Lui, appena diciottenne e con poche possibilità economiche, lavorava come muratore, e aveva fatto richiesta per entrare nella Guardia di Finanza. Quando i carabinieri vanno a bussare alla sua porta pensa che volessero avere ulteriori informazioni preliminari dall’aspirante finanziere. E invece non si trattava del concorso. Giuseppe Vesco, un ragazzo arrestato qualche giorno prima accusava Gulotta e gli amici Gaetano Santangelo, Vincenzo Ferrantelli e Giovanni Mandalà di essere gli autori della strage di Alcamo Marina. Quella notte, nella casermetta dove viene interrogato, crede di morire. Gli puntano una pistola addosso, lo costringono a bere acqua e sale, lo massacrano di botte, fin quando, esausto, per liberarsi da quell’orrore firma il verbale.

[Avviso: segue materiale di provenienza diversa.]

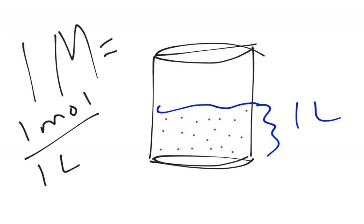Alright, so this is kind of our visual representation of what it means. And again, the little dots can be, we're going to say sodium chloride right now, table salt, that I have enough table salt in there to make it one molar solution of table salt.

Inizia il calvario di Gulotta - Dopo qualche ora davanti al giudice ritratta e spiega la sua verità, ma nessuno gli crede e inizia il suo incubo che lo porta nel settembre del 1990 alla condanna definitiva all’ergastolo. Giuseppe Vesco fu trovato morto nella sua cella, nell’ottobre del 1976 nel carcere di San Giuliano di Trapani, dopo aver ritrattato tutto e detto più volte che quelle confessioni erano state estorte dai carabinieri con le torture. La versione ufficiale parla di suicidio per impiccagione, anche se la circostanza rimane misteriosa visto che Vesco aveva una mano amputata.
Il carabinire che riapre il processo e porterà alla libertà di Gulotta - Nel 2008 il rimorso di coscienza dell’ex brigadiere Renato Olino, presente la notte dell’arresto, lo porta a raccontare che le confessioni di Giuseppe Vesco, Gulotta e gli arrestati erano state estorte con la tortura; nel 2008 la Procura di Trapani ha aperto due inchieste. Una sulla morte dei due militari, l’altra su quattro carabinieri accusati di sequestro di persona e lesioni gravissime: sono Giuseppe Scibilia, Elio Di Bona, Giovanni Provenzano e Fiorino Pignatella. Olino ha dichiarato ai giudici del Tribunale di Trapani che quei ragazzi con l'eccidio non c'entravano nulla e che le loro confessioni sono state estorte con violenze terribili.
La revisione del processo e finalmente l'assoluzione - Per Giuseppe Gulotta inizia a farsi concreta la possibilità di poter ritornare in libertà. C’è la revisione del processo e il 13 febbraio 2012, esattamente 36 anni dopo il suo arresto viene assolto per non aver commesso il fatto. In seguito anche Ferrantelli e Santangelo, che diversamente da Gulotta fuggirono in Brasile per non andare in carcere, sono stati assolti dalla corte d’appello di Catania e nel 2014 anche la corte d’appello di Trapani ha assolto Giovanni Mandalà che era morto in carcere per cause naturali.